In any case, this decision to have the State back in the driver’s seat and providing it with considerable resources appears to be a welcome leap forward. It is to be applauded as an innovative and modern framework set forth to shape the future. One of its main qualities that this initiative brings is that it fosters optimism and confidence, two notions that are essential for the smooth running of society in general and the economy in particular.
In theory, politics making its way back into the picture, can be one of the ways to help us through this crisis. Why? Because politics, at the end of the day, despite what it draws in terms of criticism and distrust, represents the voice of the people, the voice of the majority. It works toward the general interest of society like no other human initiative. Moreover, a Public Interest Policy has demonstrated more than once in history that it can help in restoring the economy, a fundamental indicator of a healthy society. And so, only strong political will is likely to foster the conditions conducive to a reindustrialization and relocalization dynamic, that can materialize into something socially significant and economically realistic in France and in Europe.

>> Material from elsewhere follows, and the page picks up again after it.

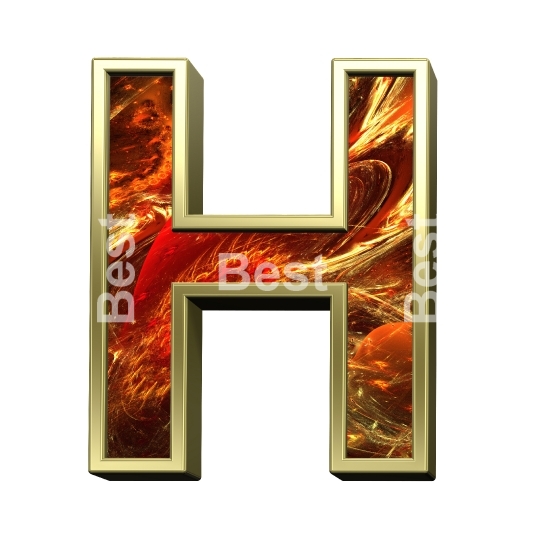 One letter from fractal alphabet set isolated over white.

But that political will remains to be seen and needs to be utilized where necessary and applicable.
So let’s make room for some political innovation!
Mid-market Companies at the Heart of This Dynamic
It is becoming perfectly clear today that restoring sovereignty means re-empowering regions and territories in becoming more independent. Indeed, they have a pivotal role in developing and sustaining the economy. And this calls for rethinking the essential role of the entire ecosystem, notably for the mid-market companies in the regional social fabric. Indeed, 68% of company headquarters are located outside the Paris region, and 75% of its production sites are located in medium-sized cities or rural areas. As the largest employer in France (335,000 jobs created between 2009 and 2015), Mid-caps play an important social role. By creating jobs they contribute in keeping those territories alive and kicking.

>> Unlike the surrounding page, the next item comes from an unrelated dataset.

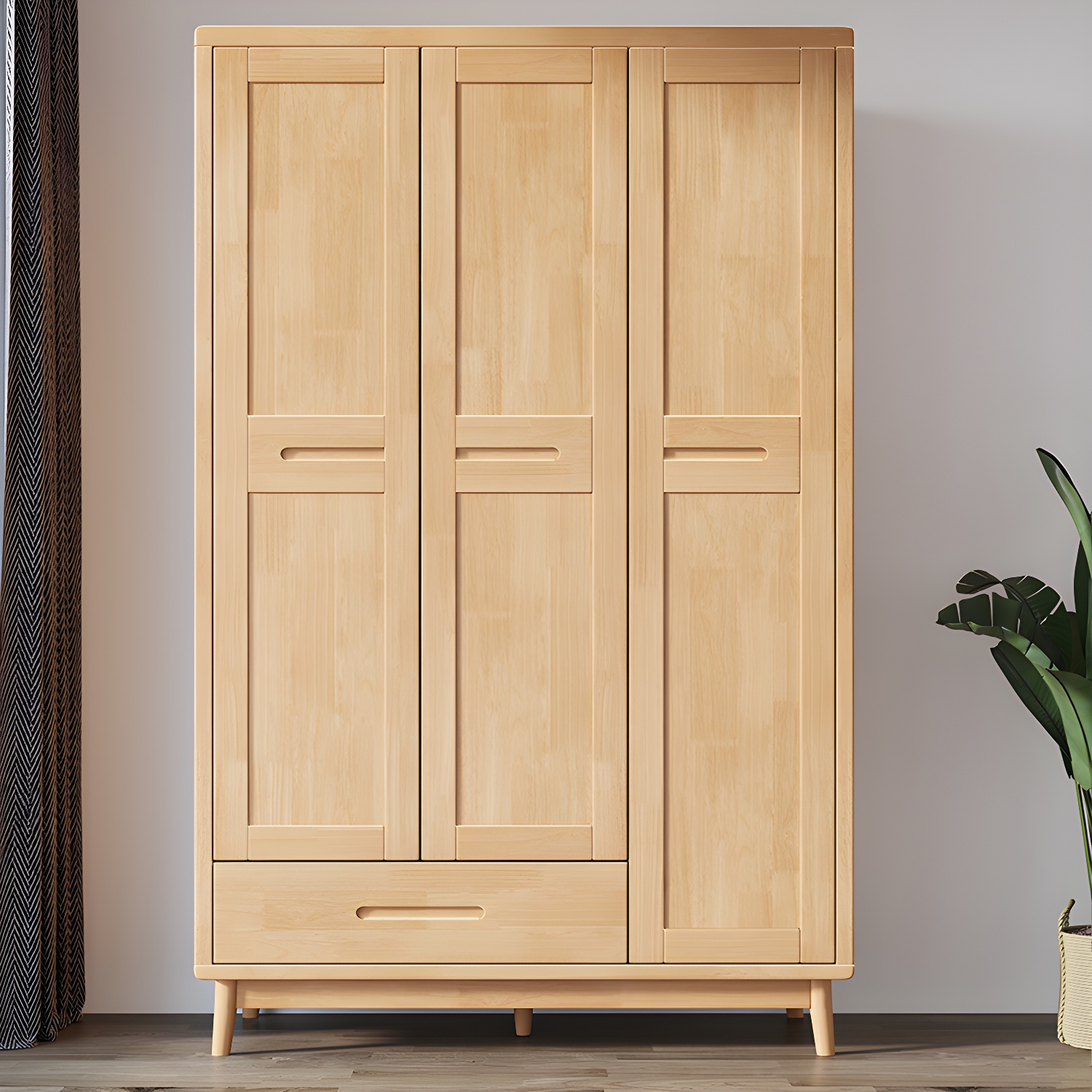 Modern Rubberwood Solid Wood Wardrobe Freestanding Wardrobe with Drawer - image 10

Thus, beyond their strict economic function, mid-caps contribute in maintaining a safe and secure society conducive to employment and decent living conditions. They are therefore the linchpin of political stability. In this period of very high social unrest, mid-caps are a kind of a crisis extinguisher.
Reviving the country means reviving industry. With their 3.3 million employees, who represent 38% of the jobs in the manufacturing industry, mid-caps are the beating heart of industry in the different regions. In fact, one out of three mid-caps are in the industry sector. Mid-caps are a first-rate army set out to reconquer our economic sovereignty in the Healthcare, Food or Industry sectors.

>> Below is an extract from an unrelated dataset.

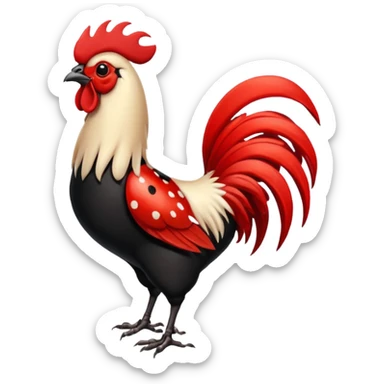 Ladybug and a rooster  sticker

So, if we intend to go ahead with reindustrializing and relocalizing our industries, we can rely on the network of mid-caps that make up the economic and industrial fabric of our country alongside the other assets also made up of SMEs and large industrial groups. We need to bring together the different market players to find robust and sustainable solutions, those of the real economy.
We have got what it takes to do just that.
We are all driven and eager to make this happen.
We have the know-how, the innovation expertise and industrial wherewithal to do all of this.
No need to play the blame game if ever we do not succeed: the key to our success lies in our own hands.
(*) Alain Conrard, author of, Taking the Plunge! A different Take on Innovation, published by Cent Mille Milliards, in September 2020, CEO of the Prodware Group and President of the Commission on Digital Strategies of the METI (a professional guild of French mid-market companies.)